Ketika sampai tepat di depan masjid sebelah rumah, sambil menenteng belanjaan asam, garam dan terasi, mataku tertuju kepada tukang 'es goyang'. Amang nama penjual es itu. Meski berusia udzur, dia saat itu masih bugar dan pandai memainkan lonceng pemberi kode bahwa dia ada di sekitar kita.

"Teng eneng eneng. Teng eneng eneng," begitu bunyi lonceng Amang dengan irama yang tak biasa.

Aku menghampiri Amang dan segera memesan satu batang es goyang-nya seharga 25 Rupiah.

Sesampainya di rumah, segera kusetorkan belanjaan sesuai perintah ibu. Asam, garam dan terasi pun berpindah tempat dari tanganku, ibu, lalu ke dalam panci yang sudah berisi racikan sayur asam goreng khas Jakarta. Ibu pun menanyakan uang kembalian yang juga seharusnya kuserahkan.

"Udah aku belikan es goyang," kataku kepada ibu.

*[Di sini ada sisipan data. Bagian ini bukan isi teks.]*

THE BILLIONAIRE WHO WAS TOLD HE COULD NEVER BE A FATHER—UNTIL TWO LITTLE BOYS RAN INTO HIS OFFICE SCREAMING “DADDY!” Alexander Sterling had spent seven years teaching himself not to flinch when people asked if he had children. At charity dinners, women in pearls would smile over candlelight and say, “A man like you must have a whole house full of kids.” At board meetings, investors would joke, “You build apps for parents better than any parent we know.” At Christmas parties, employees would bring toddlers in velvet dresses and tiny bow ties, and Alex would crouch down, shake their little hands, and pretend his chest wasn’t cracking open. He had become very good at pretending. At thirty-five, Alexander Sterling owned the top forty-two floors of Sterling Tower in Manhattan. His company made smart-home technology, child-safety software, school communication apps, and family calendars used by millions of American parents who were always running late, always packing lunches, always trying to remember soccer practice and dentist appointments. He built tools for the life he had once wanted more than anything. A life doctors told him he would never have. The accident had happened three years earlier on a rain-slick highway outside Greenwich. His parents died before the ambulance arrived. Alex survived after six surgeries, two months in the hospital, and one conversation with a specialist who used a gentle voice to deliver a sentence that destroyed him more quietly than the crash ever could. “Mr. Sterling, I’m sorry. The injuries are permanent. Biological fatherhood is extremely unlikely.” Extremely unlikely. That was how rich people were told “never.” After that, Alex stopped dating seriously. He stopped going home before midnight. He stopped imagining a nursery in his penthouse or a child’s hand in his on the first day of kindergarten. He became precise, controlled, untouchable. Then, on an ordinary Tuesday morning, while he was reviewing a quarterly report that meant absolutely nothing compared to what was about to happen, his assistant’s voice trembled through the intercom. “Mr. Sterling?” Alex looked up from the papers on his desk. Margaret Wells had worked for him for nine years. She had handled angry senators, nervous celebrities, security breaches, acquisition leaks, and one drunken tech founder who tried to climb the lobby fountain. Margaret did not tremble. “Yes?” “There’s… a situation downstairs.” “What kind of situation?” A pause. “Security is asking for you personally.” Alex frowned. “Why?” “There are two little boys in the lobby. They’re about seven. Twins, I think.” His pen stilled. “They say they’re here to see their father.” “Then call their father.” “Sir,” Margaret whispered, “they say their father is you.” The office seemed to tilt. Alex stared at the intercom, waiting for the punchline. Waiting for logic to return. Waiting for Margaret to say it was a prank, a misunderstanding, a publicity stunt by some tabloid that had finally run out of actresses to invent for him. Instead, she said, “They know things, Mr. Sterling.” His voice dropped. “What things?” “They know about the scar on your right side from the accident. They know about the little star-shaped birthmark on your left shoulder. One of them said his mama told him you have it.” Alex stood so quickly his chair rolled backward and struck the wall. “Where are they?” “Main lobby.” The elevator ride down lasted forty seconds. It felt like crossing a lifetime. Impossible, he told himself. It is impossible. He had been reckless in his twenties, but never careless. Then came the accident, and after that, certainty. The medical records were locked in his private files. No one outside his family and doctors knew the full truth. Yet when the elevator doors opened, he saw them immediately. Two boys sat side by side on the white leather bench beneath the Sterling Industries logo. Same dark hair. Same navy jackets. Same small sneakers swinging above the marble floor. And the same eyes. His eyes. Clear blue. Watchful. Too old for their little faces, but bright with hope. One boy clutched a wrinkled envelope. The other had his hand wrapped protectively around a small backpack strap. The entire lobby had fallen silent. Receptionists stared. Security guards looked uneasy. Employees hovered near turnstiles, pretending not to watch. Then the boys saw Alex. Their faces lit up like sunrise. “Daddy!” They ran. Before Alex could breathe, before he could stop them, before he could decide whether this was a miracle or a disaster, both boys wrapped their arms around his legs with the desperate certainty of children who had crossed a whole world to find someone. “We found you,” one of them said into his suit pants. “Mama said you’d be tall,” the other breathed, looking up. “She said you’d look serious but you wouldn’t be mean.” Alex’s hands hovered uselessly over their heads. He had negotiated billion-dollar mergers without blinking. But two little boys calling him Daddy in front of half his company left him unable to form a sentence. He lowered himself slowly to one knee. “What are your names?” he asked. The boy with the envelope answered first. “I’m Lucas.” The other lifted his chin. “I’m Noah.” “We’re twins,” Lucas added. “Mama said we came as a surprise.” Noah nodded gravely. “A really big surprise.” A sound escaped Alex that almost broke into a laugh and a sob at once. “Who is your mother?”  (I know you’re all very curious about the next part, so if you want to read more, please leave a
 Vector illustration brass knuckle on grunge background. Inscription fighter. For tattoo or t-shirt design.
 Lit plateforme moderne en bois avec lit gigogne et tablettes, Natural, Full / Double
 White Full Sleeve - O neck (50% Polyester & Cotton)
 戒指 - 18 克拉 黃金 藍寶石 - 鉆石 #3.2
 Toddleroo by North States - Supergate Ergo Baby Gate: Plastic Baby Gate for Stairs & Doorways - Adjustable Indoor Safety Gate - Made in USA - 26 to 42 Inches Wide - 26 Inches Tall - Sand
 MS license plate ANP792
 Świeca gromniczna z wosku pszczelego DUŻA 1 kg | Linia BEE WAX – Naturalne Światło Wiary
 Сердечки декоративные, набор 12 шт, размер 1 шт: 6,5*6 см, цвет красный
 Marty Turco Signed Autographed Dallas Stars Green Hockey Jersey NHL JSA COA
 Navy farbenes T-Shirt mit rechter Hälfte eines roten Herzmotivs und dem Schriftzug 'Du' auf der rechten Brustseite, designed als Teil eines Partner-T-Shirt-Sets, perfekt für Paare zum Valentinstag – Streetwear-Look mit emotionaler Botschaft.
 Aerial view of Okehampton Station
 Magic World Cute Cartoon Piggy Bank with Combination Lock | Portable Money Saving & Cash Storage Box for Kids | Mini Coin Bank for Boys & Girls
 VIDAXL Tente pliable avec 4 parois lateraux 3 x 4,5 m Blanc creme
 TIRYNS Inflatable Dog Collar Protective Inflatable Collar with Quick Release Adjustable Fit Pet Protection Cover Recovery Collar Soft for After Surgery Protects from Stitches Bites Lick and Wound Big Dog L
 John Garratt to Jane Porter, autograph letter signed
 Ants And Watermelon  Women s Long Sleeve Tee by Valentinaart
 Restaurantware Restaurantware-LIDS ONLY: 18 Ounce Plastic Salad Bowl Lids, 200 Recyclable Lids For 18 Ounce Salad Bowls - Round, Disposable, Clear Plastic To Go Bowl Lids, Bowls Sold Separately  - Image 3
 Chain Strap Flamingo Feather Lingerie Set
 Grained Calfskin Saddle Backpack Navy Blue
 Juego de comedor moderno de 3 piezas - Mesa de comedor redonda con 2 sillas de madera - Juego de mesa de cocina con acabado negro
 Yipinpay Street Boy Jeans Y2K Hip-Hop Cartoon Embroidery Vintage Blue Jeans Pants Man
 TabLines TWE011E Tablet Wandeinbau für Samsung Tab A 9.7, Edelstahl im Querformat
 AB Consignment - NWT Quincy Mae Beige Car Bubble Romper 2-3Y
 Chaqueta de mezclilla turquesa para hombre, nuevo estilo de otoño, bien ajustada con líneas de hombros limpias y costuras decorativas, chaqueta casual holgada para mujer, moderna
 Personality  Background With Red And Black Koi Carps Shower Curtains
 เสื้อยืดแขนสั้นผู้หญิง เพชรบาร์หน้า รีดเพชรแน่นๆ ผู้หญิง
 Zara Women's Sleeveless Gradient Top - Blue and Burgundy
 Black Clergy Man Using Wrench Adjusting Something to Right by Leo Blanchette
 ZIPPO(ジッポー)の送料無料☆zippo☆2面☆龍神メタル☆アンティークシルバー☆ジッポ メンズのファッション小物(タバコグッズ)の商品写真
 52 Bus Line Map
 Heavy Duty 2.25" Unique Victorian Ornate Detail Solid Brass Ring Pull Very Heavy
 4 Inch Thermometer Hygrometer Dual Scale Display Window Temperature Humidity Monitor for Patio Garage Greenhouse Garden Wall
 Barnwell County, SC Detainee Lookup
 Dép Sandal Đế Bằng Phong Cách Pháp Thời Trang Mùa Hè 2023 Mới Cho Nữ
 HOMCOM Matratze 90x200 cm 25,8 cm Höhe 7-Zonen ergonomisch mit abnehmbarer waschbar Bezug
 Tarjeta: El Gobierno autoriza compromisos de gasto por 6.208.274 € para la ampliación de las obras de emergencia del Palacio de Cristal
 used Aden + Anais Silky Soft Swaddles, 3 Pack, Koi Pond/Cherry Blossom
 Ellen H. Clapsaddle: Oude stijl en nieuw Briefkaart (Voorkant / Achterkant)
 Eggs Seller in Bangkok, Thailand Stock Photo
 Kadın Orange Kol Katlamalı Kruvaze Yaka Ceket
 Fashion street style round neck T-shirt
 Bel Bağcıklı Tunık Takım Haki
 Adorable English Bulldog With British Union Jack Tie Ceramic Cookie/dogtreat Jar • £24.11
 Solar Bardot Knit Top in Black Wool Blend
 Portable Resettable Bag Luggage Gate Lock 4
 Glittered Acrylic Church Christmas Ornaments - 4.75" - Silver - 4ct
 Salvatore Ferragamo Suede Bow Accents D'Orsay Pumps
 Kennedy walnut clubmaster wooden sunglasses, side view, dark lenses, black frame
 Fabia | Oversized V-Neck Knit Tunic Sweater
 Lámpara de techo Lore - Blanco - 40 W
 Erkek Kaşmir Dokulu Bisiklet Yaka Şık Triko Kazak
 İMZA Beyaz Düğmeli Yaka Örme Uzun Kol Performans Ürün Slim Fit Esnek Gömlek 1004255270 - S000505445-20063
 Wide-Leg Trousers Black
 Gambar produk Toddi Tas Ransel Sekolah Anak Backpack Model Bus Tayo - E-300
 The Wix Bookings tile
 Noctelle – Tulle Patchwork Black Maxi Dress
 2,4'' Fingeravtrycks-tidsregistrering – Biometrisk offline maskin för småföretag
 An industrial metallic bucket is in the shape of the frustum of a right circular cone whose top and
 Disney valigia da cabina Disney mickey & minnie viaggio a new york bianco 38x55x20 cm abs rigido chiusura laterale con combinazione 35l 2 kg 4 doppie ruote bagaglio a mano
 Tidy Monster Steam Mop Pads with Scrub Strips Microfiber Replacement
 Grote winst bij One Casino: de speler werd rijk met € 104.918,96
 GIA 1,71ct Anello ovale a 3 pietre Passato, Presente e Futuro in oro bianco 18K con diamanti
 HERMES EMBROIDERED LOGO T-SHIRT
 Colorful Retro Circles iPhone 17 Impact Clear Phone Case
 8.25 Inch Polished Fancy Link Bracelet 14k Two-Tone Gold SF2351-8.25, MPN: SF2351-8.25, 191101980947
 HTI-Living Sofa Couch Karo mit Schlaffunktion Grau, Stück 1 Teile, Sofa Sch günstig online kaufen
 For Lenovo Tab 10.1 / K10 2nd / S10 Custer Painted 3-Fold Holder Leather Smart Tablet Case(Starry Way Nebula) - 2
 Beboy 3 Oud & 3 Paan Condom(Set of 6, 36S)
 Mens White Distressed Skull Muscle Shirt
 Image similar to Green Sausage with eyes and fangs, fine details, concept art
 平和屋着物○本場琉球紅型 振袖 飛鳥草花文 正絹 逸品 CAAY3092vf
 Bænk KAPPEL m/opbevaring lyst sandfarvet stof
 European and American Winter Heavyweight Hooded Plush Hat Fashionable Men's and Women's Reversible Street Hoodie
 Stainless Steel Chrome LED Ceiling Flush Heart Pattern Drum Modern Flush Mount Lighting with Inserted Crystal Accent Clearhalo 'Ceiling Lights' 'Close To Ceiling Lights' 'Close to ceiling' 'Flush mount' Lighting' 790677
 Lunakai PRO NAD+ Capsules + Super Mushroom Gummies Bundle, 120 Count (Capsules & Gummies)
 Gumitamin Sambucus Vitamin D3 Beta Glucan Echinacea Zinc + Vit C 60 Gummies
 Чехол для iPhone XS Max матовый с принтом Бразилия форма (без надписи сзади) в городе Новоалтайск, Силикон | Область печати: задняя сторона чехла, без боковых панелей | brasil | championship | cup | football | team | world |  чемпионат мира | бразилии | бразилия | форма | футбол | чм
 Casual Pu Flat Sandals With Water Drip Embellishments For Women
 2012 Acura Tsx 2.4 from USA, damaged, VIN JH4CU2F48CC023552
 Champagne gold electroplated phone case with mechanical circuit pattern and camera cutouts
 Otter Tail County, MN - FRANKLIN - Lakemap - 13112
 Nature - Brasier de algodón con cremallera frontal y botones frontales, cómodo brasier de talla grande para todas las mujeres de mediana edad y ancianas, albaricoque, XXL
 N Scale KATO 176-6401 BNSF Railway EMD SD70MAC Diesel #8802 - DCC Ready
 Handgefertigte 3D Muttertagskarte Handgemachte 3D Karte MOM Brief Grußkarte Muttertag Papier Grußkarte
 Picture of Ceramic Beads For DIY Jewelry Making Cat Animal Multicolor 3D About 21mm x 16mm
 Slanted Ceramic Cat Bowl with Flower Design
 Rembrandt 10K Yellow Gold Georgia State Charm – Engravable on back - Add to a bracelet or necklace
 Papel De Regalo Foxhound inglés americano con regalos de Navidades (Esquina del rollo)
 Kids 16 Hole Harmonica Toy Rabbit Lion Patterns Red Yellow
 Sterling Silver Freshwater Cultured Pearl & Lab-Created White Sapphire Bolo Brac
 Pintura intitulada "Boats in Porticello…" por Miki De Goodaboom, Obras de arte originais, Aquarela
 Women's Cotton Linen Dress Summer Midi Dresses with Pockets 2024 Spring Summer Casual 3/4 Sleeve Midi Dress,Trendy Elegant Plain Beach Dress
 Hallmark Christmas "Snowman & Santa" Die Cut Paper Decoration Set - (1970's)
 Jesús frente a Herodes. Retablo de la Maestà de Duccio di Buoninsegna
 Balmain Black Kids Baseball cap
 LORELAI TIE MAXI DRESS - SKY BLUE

Mendengar jawabanku, ibu memang marah tapi tak memberikan hukuman yang setimpal atas perbuatanku. Maka, aksi korupsi kecil-kecilan pun berlanjut setiap kali aku diperintah membeli sesuatu.

Mengingat pengalaman jahatku saat masih kecil itu, aku pikir kebanyakan orang di negeri ini pernah melakukannya. Dan, inilah sebenarnya sumber malapetaka penyakit korupsi negeri ini. Belajar waktu kecil, terus berlanjut ketika remaja dan makin menjadi ketika terjun ke dunia profesi.

Berbicara soal aksi korupsi, tidak mungkin Komisi Pemberantasan Korupsi (KPK) mampu menanganinya sendiri. Aku pikir, melihat pengalaman jahatku sendiri, pencegahan korupsi harus dimulai dari rumah sendiri. Ini artinya, ketika lembaga superbody ini membabat habis penjahat kakap yang mengutil duit negara dibantu Polisi dan Kejaksaan, rumah adalah pintu pertama mempersiapkan generasi anti korupsi. Bagaimana caranya ?

Seharusnya, ibu memberikan hukuman atas perbuatanku itu untuk melahirkan efek jera. Sangsi, bisa berupa stop uang jajan beberapa hari atau yang paling parah dikunciin di dalam kamar mandi.

Jika pencegahan dini seperti itu dilakukan, kemungkinan besar generasi muda yang seusia denganku saat ini akan pantang memakan uang yang bukan miliknya.

Oh iya, aku rasa korupsi itu bukan cuma menerima uang suap, menilep sisa duit belanjaan atau menggelembungkan duit buku pelajaran sekolah. Meminta uang secara paksa kepada orang lain seperti yang dilakukan preman-preman atau oknum aparat berseragam tapi bermental preman juga bisa dimasukan ke dalam kategori korupsi.

Memang, di zaman serba sulit ini, di mana harga premium bersubsidi sudah terlanjur dikerek naik dari Rp 4.500 menjadi Rp 6.500, uang semakin sulit dicari. Tapi, bukan berarti cara haram saja susah apalagi yang halal demi dapur bisa dilakukan. Kalau alasannya seperti ini, Rhoma Irama pun pernah berpesan dalam lagu '1001 macam-nya'. Artinya, masih banyak kok jalan halal lainnya.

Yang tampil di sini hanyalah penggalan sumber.